[Required action] From the line containing "TOYOTA COROLLA image 5" down to the last line of the data, output each line word for word and include nothing else.

[Data provided]
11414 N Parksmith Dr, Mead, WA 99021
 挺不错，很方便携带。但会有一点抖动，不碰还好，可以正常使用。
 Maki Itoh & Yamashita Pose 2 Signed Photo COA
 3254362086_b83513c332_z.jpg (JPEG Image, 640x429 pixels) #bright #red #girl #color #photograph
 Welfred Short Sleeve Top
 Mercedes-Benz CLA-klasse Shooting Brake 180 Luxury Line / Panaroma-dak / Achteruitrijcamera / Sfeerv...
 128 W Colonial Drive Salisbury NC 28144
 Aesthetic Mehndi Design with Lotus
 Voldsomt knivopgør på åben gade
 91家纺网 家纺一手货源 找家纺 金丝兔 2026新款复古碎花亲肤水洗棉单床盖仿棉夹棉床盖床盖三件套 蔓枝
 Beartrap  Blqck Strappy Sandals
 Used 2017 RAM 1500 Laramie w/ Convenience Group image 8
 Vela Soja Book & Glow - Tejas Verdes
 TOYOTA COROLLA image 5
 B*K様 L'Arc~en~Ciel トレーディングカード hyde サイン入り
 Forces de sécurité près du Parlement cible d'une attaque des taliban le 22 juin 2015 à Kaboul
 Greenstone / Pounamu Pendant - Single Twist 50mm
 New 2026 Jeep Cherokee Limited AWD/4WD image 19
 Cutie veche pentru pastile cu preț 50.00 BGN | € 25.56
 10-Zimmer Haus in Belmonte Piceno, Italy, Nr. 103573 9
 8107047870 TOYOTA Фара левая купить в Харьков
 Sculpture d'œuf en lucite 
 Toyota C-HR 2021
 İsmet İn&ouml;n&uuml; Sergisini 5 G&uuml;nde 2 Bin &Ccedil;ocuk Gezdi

[Expected answer]
 TOYOTA COROLLA image 5
 B*K様 L'Arc~en~Ciel トレーディングカード hyde サイン入り
 Forces de sécurité près du Parlement cible d'une attaque des taliban le 22 juin 2015 à Kaboul
 Greenstone / Pounamu Pendant - Single Twist 50mm
 New 2026 Jeep Cherokee Limited AWD/4WD image 19
 Cutie veche pentru pastile cu preț 50.00 BGN | € 25.56
 10-Zimmer Haus in Belmonte Piceno, Italy, Nr. 103573 9
 8107047870 TOYOTA Фара левая купить в Харьков
 Sculpture d'œuf en lucite 
 Toyota C-HR 2021
 İsmet İn&ouml;n&uuml; Sergisini 5 G&uuml;nde 2 Bin &Ccedil;ocuk Gezdi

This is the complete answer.